I thought this would be one of those "Financial District-imprisoned 'hounds, let's support this good local place before they gut it out for a Starbucks" sort of reports.
But this place is significantly good, and all 'hounds should head way, way, way downtown (you can't get more downtown w/o bathing in the NY harbor) immediately.
It's on a tiny, beautiful st. called Stone, which, when you're walking down it, you can easily forget all the brutalist architecture that has popped up since the '70s. If you didn't know the bakery was there, you'd probably never find it. It's a small shop front hidden under a bunch of scaffolding.

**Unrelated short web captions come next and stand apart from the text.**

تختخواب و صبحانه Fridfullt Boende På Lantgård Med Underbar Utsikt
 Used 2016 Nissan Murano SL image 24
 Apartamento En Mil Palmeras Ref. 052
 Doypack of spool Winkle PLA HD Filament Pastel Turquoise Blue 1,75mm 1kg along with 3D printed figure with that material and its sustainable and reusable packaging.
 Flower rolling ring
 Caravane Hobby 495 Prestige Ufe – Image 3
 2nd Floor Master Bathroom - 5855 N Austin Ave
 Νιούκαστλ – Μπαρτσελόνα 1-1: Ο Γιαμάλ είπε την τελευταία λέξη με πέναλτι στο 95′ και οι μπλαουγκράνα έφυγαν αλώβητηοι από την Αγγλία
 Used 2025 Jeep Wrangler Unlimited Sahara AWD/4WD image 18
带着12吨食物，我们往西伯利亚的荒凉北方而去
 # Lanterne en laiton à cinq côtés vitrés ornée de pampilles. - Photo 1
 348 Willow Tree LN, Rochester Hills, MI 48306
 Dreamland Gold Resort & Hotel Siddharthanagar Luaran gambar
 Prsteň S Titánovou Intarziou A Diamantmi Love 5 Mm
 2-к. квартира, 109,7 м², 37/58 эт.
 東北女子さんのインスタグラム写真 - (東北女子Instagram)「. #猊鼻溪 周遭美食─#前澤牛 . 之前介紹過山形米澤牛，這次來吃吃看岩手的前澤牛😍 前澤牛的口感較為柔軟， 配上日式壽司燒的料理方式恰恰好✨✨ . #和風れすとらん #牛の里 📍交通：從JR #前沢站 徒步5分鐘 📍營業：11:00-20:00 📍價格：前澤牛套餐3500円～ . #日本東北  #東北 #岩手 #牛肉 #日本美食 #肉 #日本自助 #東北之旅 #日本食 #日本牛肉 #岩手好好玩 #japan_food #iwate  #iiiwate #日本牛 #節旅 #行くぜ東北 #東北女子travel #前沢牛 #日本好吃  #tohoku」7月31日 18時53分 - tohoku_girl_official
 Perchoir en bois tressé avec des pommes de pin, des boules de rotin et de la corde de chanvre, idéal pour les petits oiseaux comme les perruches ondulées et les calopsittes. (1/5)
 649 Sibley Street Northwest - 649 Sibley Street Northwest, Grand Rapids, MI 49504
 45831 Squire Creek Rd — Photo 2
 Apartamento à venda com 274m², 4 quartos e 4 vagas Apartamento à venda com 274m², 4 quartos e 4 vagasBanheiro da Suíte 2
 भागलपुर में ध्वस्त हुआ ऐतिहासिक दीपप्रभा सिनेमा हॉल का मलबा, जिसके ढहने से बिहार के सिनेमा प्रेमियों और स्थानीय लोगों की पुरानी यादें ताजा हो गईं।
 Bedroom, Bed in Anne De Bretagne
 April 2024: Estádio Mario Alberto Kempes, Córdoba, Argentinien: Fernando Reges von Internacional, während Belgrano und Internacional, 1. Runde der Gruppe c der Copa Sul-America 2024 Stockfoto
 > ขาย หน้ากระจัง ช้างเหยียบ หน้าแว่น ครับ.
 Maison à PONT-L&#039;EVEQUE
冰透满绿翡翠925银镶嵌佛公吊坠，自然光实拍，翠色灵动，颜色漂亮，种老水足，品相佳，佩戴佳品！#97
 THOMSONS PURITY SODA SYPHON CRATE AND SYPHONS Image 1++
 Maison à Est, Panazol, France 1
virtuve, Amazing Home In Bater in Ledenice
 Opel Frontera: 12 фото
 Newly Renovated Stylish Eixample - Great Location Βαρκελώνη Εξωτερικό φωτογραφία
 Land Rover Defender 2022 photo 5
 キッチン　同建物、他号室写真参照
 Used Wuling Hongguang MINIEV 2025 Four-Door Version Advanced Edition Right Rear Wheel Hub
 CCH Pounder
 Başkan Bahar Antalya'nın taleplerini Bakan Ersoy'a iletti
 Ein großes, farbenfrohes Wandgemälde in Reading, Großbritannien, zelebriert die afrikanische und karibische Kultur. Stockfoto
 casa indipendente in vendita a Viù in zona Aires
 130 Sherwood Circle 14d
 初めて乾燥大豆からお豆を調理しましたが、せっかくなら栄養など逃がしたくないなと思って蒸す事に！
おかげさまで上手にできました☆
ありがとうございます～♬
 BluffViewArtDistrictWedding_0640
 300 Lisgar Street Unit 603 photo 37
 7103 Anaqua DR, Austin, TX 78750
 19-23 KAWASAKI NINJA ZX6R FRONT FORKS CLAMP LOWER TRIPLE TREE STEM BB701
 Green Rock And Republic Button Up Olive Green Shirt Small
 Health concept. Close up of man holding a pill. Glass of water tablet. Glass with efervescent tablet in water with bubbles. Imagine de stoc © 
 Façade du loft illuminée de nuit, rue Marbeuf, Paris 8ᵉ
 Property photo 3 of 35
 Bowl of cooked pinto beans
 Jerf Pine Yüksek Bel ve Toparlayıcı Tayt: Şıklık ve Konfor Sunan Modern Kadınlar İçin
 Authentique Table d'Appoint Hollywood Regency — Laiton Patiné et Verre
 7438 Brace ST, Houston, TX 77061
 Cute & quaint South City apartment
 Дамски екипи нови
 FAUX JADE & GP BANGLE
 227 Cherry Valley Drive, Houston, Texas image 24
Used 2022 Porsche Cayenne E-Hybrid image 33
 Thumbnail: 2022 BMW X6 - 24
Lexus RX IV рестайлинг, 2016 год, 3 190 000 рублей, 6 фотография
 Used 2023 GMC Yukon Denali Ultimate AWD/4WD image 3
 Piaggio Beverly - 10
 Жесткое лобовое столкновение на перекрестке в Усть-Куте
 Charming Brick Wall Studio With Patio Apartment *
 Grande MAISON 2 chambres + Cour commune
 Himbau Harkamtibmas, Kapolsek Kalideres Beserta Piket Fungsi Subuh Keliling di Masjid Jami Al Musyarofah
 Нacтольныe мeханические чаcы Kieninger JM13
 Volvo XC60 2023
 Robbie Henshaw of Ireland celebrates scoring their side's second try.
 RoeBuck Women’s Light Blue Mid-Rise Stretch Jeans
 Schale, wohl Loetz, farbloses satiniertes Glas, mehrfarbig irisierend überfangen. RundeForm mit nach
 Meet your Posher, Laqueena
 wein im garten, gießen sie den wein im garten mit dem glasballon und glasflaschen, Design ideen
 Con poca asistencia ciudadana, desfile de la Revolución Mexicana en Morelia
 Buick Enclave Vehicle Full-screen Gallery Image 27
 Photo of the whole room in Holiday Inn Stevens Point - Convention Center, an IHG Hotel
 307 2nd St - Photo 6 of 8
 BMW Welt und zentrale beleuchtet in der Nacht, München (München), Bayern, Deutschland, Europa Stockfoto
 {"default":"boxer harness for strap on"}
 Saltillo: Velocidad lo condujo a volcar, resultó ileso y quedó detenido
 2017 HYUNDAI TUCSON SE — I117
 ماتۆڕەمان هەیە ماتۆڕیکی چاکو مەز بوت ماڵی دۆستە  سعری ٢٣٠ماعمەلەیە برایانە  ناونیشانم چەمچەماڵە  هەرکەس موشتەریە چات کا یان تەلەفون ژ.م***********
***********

The signature pastry is the financier, a kind of flattened out, rectangular madeleine. I had three with an espresso; they're buttery, crispy at the edges, and redolent of vanilla. Brilliant. Espresso is good, standard-issue Illy. All the baked good look decadent and amazing.
But what I'm here to rave about is not the pastry. It's the soup. On my way out I heard a Frenchman talking to a customer about "zee soup." He mentioned that there would be sandwiches starting Monday, but today all they had was celery root soup.
I got a bowl. The first thing you get is pure chicken--a correctly made, wonderful chicken stock. Then celery. Then butter. Beautifully seasoned. Amazing, just amazing.
The place was mentioned in the Times on Wednesday; it's somehow linked to the restaurant Bayards.
And, for my fellow FD hounds, it's a wonderful place for a coffee and the morning paper.